So what’s the new album like?
I think it’s a very accessible album and we thought a lot about what kind of songs we wanted to play live. They’re also songs that we hope will grab people straight away, get them excited the first time they hear them. There was a real focus on that, so hopefully some of them are pretty catchy but still melodic and emotional.
It’s four years since your last album – what have you been doing?
I don’t really understand what happened – or where that time went. We toured the last album for a long time and then put out a little EP which did quite well so we toured on the back of that. And then I did a little side project along the way. And I guess we spent a long time writing the songs for this album – we had about 80 at one point so it took a bit longer than I’d have liked.
How hard is it to select songs? Does it annoy you to have to cull them?
It can be hard. Some songs, you instinctively know they’re missing some magical element – there were others that I loved but couldn’t get the rest of the band excited about. And as the list gets shorter and shorter, the discussion becomes even harder. But it’s a good problem to have – having too many songs is not as bad as staring at a blank sheet of paper, and I’ve been there as well.
You’ve been known as ‘the band with no guitars’ – is that strictly true?
We don’t really mind. The first album had no guitars but the third album had quite a lot. It means it’s always a challenge – I’m not a great guitar player at all – so if we haven’t got that, how do we create the same effect or that big solo moment? We have to find other ways.
Is it true that, in your early days, you were invited to join Coldplay?
It’s funny – it was a fairly light-hearted conversation between me and Chris Martin while we were at university. I think I would have ended up quite frustrated as a songwriter but it might have been quite nice to just show up and be their keyboard player.
Coldplay get a hard time for being too earnest – is that a bullshit criticism?
It’s a very British thing – we don’t seem to value good music that way, especially when it’s made by British acts. It’s a real shame. Coldplay have done so well internationally and are a great songwriting band. In any other country, they would be really celebrated but in Britain we always look for the negatives. And we’ve suffered from that in the press as well but after
a few years you just stop caring. You read some of the reviews and just think ‘what album were you listening to?’
Despite being the main songwriter, you share the credits with your bandmates – that’s very generous of you, isn’t it?
It’s a strange way that you make money in a band – it’s a complicated combination of royalties and radio rights, so you basically end up getting paid directly for some of the work. And because people’s roles are vague and ever-changing, you have to find a way to assess them, so splitting the song-writing credits is probably the easy way. It’s hard to quantify how everyone contributes but everyone does.

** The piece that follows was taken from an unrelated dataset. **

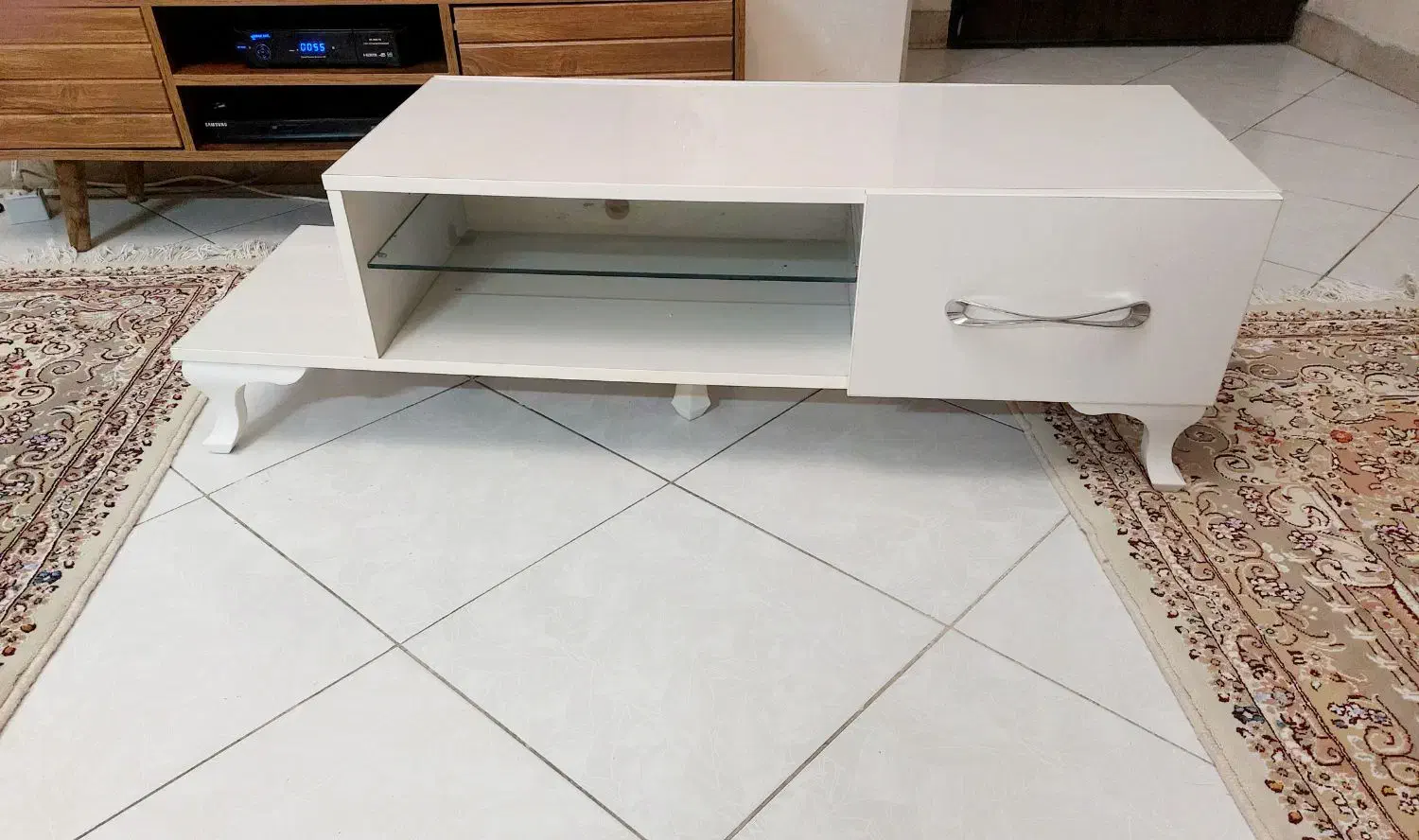 میزتلویزیون چوبی|میز تلویزیون|تهران, مجیدیه|دیوار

And you’ve worked with Kylie Minogue and Gwen Stefani – what was that like?
It was brilliant working with those people and I’ve been very lucky to work with people at the top of the industry. Both were very talented and more creative than I think they’re given credit for. They’re both very good writers and singers and they both work so hard, just grafting the whole time. Honing those pop sensibilities through writing with them was good fun.
As a songwriter, what do you think of the rash of televised talent shows?
It’s good that there’s so much focus on music and they get some incredibly talented people and it shows how many there are. What’s sad, though, is the business side where it’s all tied into packages and all the contestants have records out a week later – they flood the charts and that pushes out everything else. There’s not much room for bands that write and play their own songs. It’s a bit of a machine – they’ve got so much money and it’s just slick and irresistible. It seems like everything floating around has come out from one of those shows, which makes it a bit homogenous.